Faster JavaScript Memoization For Improved Application Performance

September 19, 2011

Whilst not new by any means, memoization is a useful optimization technique for caching the results of function calls such that lengthy lookups or expensive recursive computations can be minimized where possible.

The basic idea is that if you can detect an operation has already been previously completed for a specific set of input values, the stored result can instead be returned instead of repeating the operation again.

Some of the problems memoization can help optimize include: recursive mathematics, algorithmic caching of canvas animation and more generally, any problems which can be expressed as a set of calls to the same function with a combination of argument values that repeat.

A Brief History

If you're a history buff, you may be interested to know that the term 'memoization' was first coined in 1968 by a scientist involved in researching artificial intelligence named Donald Michie - it's based on the latin for the word memorable (memorandum).

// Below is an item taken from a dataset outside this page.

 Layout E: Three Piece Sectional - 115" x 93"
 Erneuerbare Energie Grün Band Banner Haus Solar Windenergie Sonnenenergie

Michie proposed using memoized functions to improve the performance of machine learning and it's become more popular in recent years with the rise of functional languages such as Haskell and Erlang.

There's a plethora of excellent material that's been previously written about memoization and for further reading I recommend these pieces by John Hann and Nicholas Zakas. Douglas Crockford also briefly touched upon memoization in JavaScript: The Good Parts as does Stoyan Stefanov in JavaScript patterns.

Implementing Memoization - The Basics

Memoization is a concept that pre-dates the JavaScript programming language, but we can simply think of it as remembering the results for inputs of a specific value to a function.

When we say 'remember', we mean utilizing a form of cache to store a record of the computed output of such specific inputs so that if a particular function is subsequently re-queried with the same input, the remembered result is returned rather than a recalculation being necessary. A lot of the time, a simple array is employed for the cache table, but a hash or map could be just as easily used.

In most of the JavaScript implementations for memoization that I've reviewed, the memoization of a function (with a set of arguments) is conducted within an inner returned function whilst a signature or hash is employed for indexing the stored result.

One of the more easily readable memoization implementations can be seen below. This one is by zepto.js author, Thomas Fuchs. Whilst I prefer for memoization to be kept as a utility outside of the function prototype, this implementation does do a great job of clearly demonstrating the core concepts.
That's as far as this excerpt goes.